Los Angeleno Elvin Estela is likely the only hip-hop artist to ever cover a Monkees song.  But on Pacific Drift, Estela aims to give his old favorites (like "The Porpoise Song") a boom-bap. 

Despite the '60s covers, Estela's second record as Nobody isn't some retro rock set.  Like Manitoba's Up in Flames, Pacific Drift is dreamy and sunshine-filled, taking the turntablism of artists like DJ Shadow to a whole 'nother level – West Coast psychedelic pop.  The mind-altering result is a bit like Beachwood Sparks doing hip-hop.

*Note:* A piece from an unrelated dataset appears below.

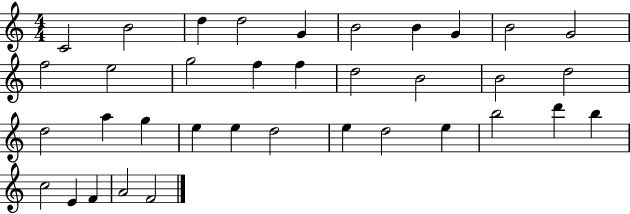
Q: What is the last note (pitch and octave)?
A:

"Los Angles underground hip-hop will always be my roots even if I end up doing folk music someday," Estela explains, "[but] in terms of influences, the Flaming Lips' Yoshimi Battles the Pink Robots wrecked my brain.  To me, that is the perfect sing-along hip-hop record.  The programming is insane, the bass hits as hard as the Neptunes and the songs are perfectly balanced between pretty and psychedelic."

From there, the sound of Nobody includes everything from the Beach Boys and the High Llamas (the bouncy "the Beaches on Neptune") to classic Phil Spector production ("Psilo-Psycling [Trip 'Round the Block]".  But Estela is wary of genre tags: "There's always some kids enamored with the sun and sea sound of California," he says, "maybe my record represents what kids stuck with turntables, samplers and computers do to interpret the West Coast sound."

The end-result?  A golden vibe passed from Brian Wilson all the way to filmmaker Paul Thomas Anderson, where the happy ending is the saddest possible.  "It's LA, you know," considers Estela.  "You got to take a freeway to get to beaches and canyons.  It's bittersweet."